Most Data Science organizations are missing a unit: a support team specifically for Data Scientists’ models, aka a “ModelOps” group. Absent a ModelOps team, the workload defaults to Data Scientists. The work is part IT and part Data Science operations. In 2019, enterprises will begin to fill this organizational gap, in the form of a new job title, the “Analytics Engineer” whose role will be to glue the IT and Data Sciences objects together. The ModelOps team will also bridge the Data Scientists’ model development life cycle with IT’s DevOps processes.

  1. Enterprises will begin to centralize model deployment and management.

It’s hard to imagine, but there was a time when Data Integration via a Data Lake or Data Warehouse wasn’t a given. 2019 will be the tipping point for enterprises’ recognition of the need for a shared services solution for model deployment and management. Making this work at scale (i.e. supporting many internal data science clients and hundreds of models, minimizing deployment time and compute costs, ensuring governance, meeting SLAs and compliance requirements) is a sophisticated technical and organizational challenge that needs be tackled only once.
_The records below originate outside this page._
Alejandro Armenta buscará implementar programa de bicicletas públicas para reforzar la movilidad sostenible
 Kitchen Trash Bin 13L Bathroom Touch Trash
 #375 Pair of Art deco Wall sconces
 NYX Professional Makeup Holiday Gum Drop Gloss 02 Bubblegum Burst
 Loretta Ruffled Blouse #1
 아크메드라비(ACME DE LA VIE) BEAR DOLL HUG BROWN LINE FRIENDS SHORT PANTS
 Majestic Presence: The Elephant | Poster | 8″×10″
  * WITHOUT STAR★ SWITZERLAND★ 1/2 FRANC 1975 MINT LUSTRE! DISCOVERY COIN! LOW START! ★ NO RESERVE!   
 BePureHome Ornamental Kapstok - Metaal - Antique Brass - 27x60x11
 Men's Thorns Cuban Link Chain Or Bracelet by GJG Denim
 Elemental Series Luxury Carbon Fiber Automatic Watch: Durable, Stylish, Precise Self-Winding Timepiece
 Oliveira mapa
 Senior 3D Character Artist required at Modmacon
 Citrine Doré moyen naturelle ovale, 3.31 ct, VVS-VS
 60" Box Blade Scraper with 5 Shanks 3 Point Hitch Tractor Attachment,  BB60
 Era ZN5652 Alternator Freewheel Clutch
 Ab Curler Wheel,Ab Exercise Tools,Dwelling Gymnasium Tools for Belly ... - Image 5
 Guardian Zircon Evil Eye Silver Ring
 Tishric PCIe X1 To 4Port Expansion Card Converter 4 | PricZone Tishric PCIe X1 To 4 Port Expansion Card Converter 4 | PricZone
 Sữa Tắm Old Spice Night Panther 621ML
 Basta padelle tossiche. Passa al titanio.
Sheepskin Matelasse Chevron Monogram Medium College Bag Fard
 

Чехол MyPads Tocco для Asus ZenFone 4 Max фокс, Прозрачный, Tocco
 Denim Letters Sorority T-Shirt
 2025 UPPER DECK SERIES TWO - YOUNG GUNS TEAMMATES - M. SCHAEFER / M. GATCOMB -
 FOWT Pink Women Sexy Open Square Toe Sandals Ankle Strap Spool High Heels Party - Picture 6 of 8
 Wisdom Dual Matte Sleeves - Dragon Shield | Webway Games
  1. Consensus will emerge on best practices for model deployment and management.

2019 will find a critical mass of vendors evangelizing similar design patterns that will enable enterprises to converge on views of best practices.  For example, microservices-based architectures will be used to support diverse model development tools and frameworks and to future-proof against changes in application, data, and infrastructure.  Solutions will focus on meta data logging and supporting reproducibility and traceability; version controlling and CI/CD-compliance; API management; supporting collaboration and re-use of models; performance monitoring dashboards; API wrappers; et al.  Bottomline? Vendors will be competing more on solution scope than design patterns.